When plotting a histogram + restricted cube bar graph, it is best to observe that the variables are normally distributed so that the graph is plotted more ideally. If it is not normally distributed, we can take the logarithm of it to make it approximately normal.

If drawing a superimposed graph is not ideal, we can use the singlercs function to draw a simple restricted cubic spline.

singlercs function usage

The singlercs function draws restriction cubes in much the same way as the ggrcs function. The following is a brief demonstration.

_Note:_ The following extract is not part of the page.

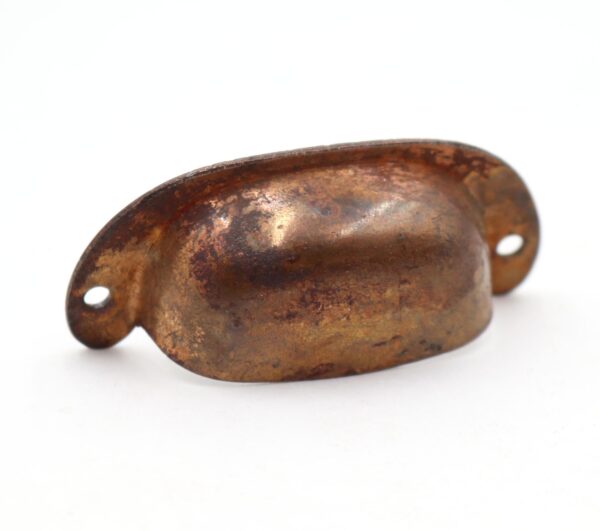 Cabinet & Furniture Pulls - Vintage 2.625 in. Brass Plated Steel Bin Drawer Pull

singlercs(data=dt,fit=fit,x="age")

Once you have drawn the picture, you can continue with further editing.

p<-singlercs(data=dt,fit=fit,x="age")
p+geom_hline(yintercept=1, linetype=2,linewidth=1)

Change line and confidence interval colours.

singlercs(data=dt,fit=fit,x="age",ribcol="green")

Change the transparency of the confidence interval

singlercs(data=dt,fit=fit,x="age",ribcol="green",ribalpha=0.2)

Draw sorted (two) RCS curves, default red and green if no colour is set.

singlercs(data=dt,fit=fit,x="age",group="gender")

Change the colour.

singlercs(data=dt,fit=fit,x="age",group="gender",groupcol=c("red","blue"))

In linear regression, it may be better to use the singlercs function.